INSTRUCTIONS FOR THE TASK:
Beginning with the line that contains "Melange Blend peppercorns", transcribe the rest of the listing below exactly, including its last line, and exclude any pictures.

EXERCISE DATA:

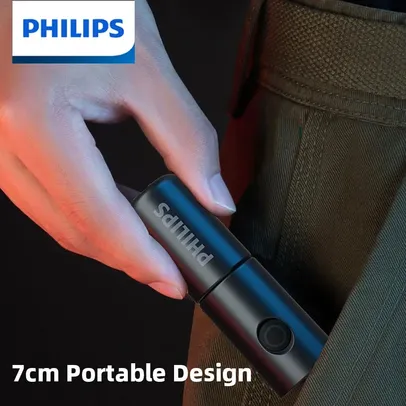 Lanterna Recarregável Philips - 7cm LED 7 modos de iluminação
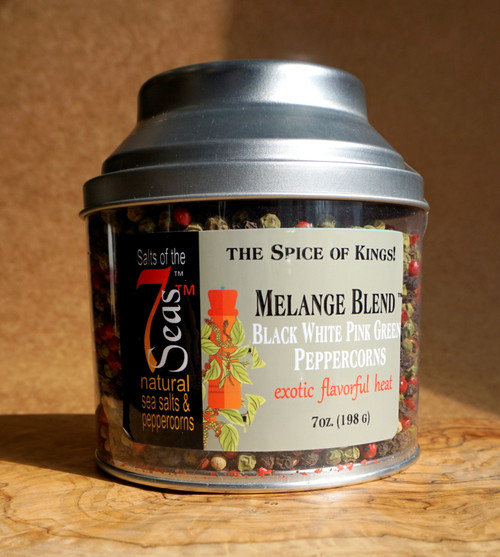 Melange Blend peppercorns are a mix of gourmet peppercorns featuring  green, pink, white and black peppercorns.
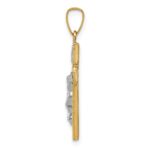 14K and White Rhodium Polished Inri Crucifix Pendant - Image 2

REPLY:
 Melange Blend peppercorns are a mix of gourmet peppercorns featuring  green, pink, white and black peppercorns.
 14K and White Rhodium Polished Inri Crucifix Pendant - Image 2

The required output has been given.